He risked his life working for the U.S. in Iraq. Now his visa’s no good.
January 29, 2017, 2:28pm

By Loveday Morris – The Washington Post.

Saif Ali quit his job in Baghdad and sold his home and car after his family received their visas to resettle in the United States last month. They were due to fly on Monday.

The 35-year-old had applied for resettlement with his wife and three children in 2013 under the special immigrant visa program — for Iraqis who risked their lives working on behalf of the American troops or the U.S. government in Iraq.

But Ali was one of countless people around the world whose lives were thrown into uncertainty this weekend by President Trump’s executive order banning refugees, migrants and others from seven predominantly Muslim countries from entering the United States.

Just two days before their scheduled departure, Ali received a phone call to tell him that because of Trump’s new immigration rules, their application had been suspended.

“This is a tragedy,” he said. “It’s like someone’s stabbed me in the heart with a dagger.”

Ali had been employed as an IT administrator with a company working on projects for the U.S. Agency for International Development between 2010 and 2013. In the years following the U.S. invasion in 2003, Iraqis who worked with Americans faced death threats, kidnappings and assassinations.

“We were considered traitors,” he said.

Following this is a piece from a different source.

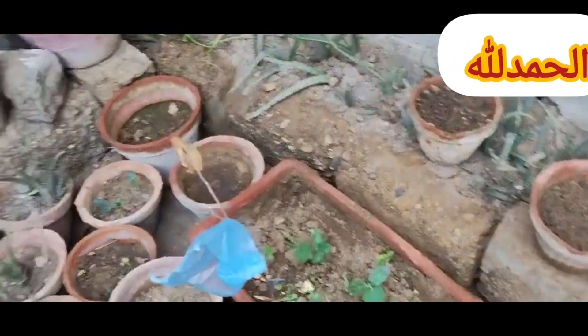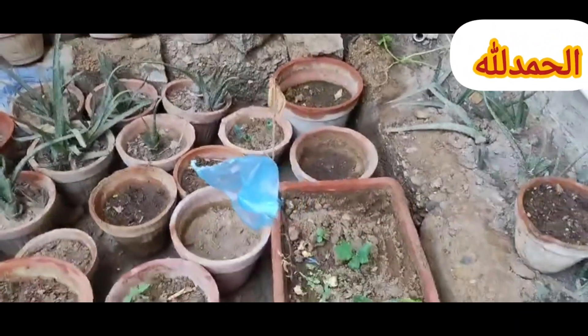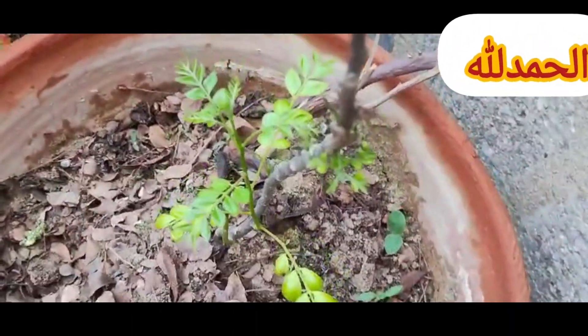3. Start indoors wisely. For plants that require a long growing season or are sensitive to cold, start seeds indoors several weeks before the last frost date. This allows seedlings to be ready for transplanting once the weather warms up.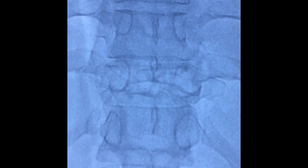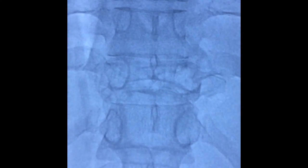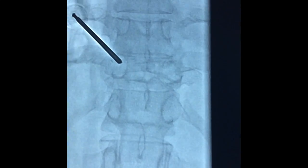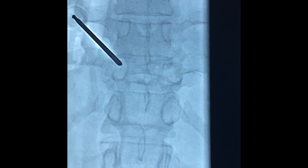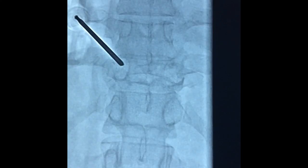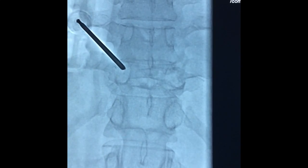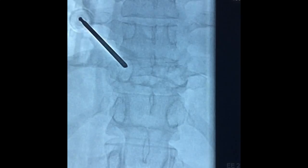Examination of the spine under fluoroscopy — this is the AP view showing a compression fracture of the D11 vertebra. It's a beveled needle from Cook, which we placed under fluoroscopy guidance into the pedicle on the left side. We try to advance the needle into the center and as far anteriorly as possible.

His recommendation letter from his employer said Ali had continued his “dedicated work” despite “sacrifice of his personal safety.”

It took three years of vetting before the family received their visas.

“I was so happy, we had our minds set on our new lives in America,” he said. “I imagined I could live a peaceful life, I could further my ambitions there, my kids would live in peace.”

His brother, who lives in Arizona, had rented a property for the family to live in. Ali paid $8,000 up front for rent and a deposit, money he cannot get back. His brother had also spent $3,500 on furniture so the house would be ready for Ali’s family when they arrived.

Now Ali has no source of income or anywhere to live. He is staying with friends in Baghdad and is uncertain about his family’s future. The International Organization for Migration, which was arranging his travel to the United States, gave him no further details, he said. He received an email from the U.S. Embassy in Baghdad on Sunday that said his application would be suspended for 90 days, but his visa’s validity expires in that period.

“I’m so confused,” he said. “I don’t know what to do.”

He said that because the United States played a role in destabilizing Iraq, it bears a responsibility to help Iraqis.

“We are being killed by ISIS,” he said. “We have lived through so many tragedies. We can’t go back; you did what you did, but help us.”

Loveday Morris reported from Irbil, Iraq, and Mustafa Salim contributed from Baghdad.